Before we get to today’s question, I want to share some exciting news: My new book just came out! It’s called Growing Feelings: A Kids’ Guide to Dealing with Emotions about Friends and Other Kids. It’s a sequel to my book Growing Friendships: A Kids’ Guide to Making and Keeping Friends. These funny and useful books are available through your library or wherever you buy books.

OK, here’s today’s question:

My name’s Olivia, and I'm 13 years old, and I want to know, um what are the signs of knowing that you're in a fake friendship?

Hi, Olivia. That’s a very interesting question!

First, we have to talk about what it means to be a “fake” friend. To me, that’s someone who acts friendly toward us but is unkind at other times and doesn’t genuinely care about us. So they’re not really a friend.
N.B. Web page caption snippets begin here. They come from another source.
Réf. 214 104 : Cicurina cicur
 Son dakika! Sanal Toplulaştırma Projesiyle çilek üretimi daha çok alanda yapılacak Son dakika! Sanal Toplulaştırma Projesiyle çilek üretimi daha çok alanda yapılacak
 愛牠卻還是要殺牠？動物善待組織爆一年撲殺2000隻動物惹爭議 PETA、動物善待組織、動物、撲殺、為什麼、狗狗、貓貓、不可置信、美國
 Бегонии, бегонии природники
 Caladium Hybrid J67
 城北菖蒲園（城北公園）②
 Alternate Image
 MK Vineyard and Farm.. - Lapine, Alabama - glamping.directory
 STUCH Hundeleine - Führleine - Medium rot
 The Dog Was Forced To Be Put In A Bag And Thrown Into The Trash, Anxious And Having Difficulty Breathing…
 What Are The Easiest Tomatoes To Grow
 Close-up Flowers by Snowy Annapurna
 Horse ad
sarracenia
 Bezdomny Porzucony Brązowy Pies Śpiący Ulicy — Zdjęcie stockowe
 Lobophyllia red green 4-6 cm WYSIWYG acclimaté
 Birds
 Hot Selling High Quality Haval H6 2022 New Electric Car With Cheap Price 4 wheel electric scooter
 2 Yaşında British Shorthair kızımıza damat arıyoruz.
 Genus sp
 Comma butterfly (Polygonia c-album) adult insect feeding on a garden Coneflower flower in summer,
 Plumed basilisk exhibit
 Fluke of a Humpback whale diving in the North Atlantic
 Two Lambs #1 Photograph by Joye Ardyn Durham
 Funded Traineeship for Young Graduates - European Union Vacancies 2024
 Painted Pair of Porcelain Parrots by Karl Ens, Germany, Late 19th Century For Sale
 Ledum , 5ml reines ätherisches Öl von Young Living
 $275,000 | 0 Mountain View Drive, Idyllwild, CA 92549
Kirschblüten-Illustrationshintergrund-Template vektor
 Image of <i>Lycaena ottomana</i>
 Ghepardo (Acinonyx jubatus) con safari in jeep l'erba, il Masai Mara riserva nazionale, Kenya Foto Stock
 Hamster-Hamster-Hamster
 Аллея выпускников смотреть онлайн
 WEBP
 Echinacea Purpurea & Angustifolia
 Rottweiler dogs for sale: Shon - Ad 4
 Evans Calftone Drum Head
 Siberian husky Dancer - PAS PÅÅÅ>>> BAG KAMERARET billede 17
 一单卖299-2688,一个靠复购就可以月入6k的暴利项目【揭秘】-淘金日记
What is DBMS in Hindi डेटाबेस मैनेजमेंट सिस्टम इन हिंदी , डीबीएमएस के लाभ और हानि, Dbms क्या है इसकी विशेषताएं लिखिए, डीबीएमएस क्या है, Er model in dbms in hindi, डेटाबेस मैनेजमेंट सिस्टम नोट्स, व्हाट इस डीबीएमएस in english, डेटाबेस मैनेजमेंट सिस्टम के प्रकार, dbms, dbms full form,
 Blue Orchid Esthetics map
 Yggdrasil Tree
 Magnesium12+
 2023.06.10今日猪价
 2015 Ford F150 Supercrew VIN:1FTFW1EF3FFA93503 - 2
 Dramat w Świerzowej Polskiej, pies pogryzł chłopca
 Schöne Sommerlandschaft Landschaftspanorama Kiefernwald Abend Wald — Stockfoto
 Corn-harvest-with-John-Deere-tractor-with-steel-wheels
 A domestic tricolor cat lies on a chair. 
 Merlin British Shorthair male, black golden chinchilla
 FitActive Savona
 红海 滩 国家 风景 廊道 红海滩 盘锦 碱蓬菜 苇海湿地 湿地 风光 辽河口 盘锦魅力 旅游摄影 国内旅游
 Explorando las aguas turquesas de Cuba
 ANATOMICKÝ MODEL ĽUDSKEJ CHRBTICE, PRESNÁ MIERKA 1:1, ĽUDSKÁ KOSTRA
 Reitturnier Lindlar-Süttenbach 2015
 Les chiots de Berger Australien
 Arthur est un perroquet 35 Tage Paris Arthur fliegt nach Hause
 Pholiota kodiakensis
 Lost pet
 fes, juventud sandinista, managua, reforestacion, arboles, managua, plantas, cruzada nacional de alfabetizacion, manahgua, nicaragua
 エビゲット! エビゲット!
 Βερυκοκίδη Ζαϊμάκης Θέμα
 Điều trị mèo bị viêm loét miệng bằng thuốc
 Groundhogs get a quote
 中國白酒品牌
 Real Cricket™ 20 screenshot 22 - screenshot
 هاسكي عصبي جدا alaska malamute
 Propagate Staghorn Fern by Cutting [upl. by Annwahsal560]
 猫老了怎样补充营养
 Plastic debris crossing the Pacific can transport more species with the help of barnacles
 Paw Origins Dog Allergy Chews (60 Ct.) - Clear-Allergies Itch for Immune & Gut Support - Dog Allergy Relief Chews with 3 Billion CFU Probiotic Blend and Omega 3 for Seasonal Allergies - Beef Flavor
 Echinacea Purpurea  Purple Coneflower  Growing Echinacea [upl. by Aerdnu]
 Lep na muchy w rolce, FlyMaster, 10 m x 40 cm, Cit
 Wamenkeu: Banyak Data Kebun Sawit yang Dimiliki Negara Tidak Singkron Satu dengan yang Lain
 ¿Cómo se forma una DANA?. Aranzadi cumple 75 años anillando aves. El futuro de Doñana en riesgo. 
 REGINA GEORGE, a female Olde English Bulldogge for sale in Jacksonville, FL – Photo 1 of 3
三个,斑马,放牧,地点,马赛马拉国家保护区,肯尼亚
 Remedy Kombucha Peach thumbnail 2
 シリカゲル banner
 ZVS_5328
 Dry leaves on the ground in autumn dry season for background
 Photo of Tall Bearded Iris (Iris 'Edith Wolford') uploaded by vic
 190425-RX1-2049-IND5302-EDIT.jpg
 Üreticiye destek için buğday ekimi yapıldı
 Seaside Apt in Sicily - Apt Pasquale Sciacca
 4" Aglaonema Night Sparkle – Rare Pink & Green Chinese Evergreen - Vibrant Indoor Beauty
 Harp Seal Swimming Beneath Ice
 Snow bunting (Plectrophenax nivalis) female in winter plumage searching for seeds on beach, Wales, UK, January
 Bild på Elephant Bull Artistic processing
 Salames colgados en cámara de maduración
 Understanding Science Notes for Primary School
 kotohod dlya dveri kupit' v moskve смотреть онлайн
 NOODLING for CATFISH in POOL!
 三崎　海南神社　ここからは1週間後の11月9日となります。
Some examples of a fake friend might be someone who only acts friendly when they want something from us, or someone who’s nice to our face but blabs our secrets or says nasty things about us when we’re not around, or–here’s a tricky one–someone who’s kind when we’re struggling but withdraws when things are going well for us because they feel jealous or threatened, which means they don’t really wish us well.

The word “fake” implies that they’re trying to trick us. Be careful there–that’s mind-reading! Mind-reading means assuming we know what someone else is thinking. But we can’t know for sure what’s going on in someone else’s mind unless they tell us. What we imagine they’re thinking is only a guess, and it could be wrong. It’s important to remember that.

Your question makes me think that maybe something happened between you and a friend that made you doubt whether that friend really cares about you. Now, maybe they’re a fake friend, and they were trying to trick you, but there are other possibilities.

Maybe they care about you, but they made a mistake. That happens. None of us is perfect. Maybe your friend was upset and said or did something not-so-kind in the heat of the moment. Maybe they didn’t realize whatever it was would bother you. Maybe they just did something–without even thinking–that ended up hurting you, but they didn’t mean to.

If that friend is usually kind, you may want to try talking things out. Listen to the friend’s perspective and also explain what bothered you and what you’d like them to do differently from now on.

Another possibility is that this isn’t a fake friendship; it’s a limited friendship. A limited friendship involves someone whose company you sometimes enjoy but not someone who you can count on no matter what. Not every friend is going to be a soul mate, and that’s okay. In limited friendships, kids like each other, but maybe they don’t know or like each other as much as they like other people, so there are limits on what they’ll do for each other.

If you think this might be a limited friendship, then you might need to lower your expectations. Maybe someday the friendship will grow into a close friendship, but in the meantime, don’t expect this casual friend to act the same as a close friend. Try to figure out what you can or can’t count on from this friend. Also, think about what you can give this friend without feeling used or resentful.

For instance, maybe this is someone who you can enjoy chatting with at the bus stop but not someone you can trust with your secrets. Or maybe you’ll have fun hanging out with this friend when you’re together as part of a group but you’re not close enough to invite this friend for a sleepover.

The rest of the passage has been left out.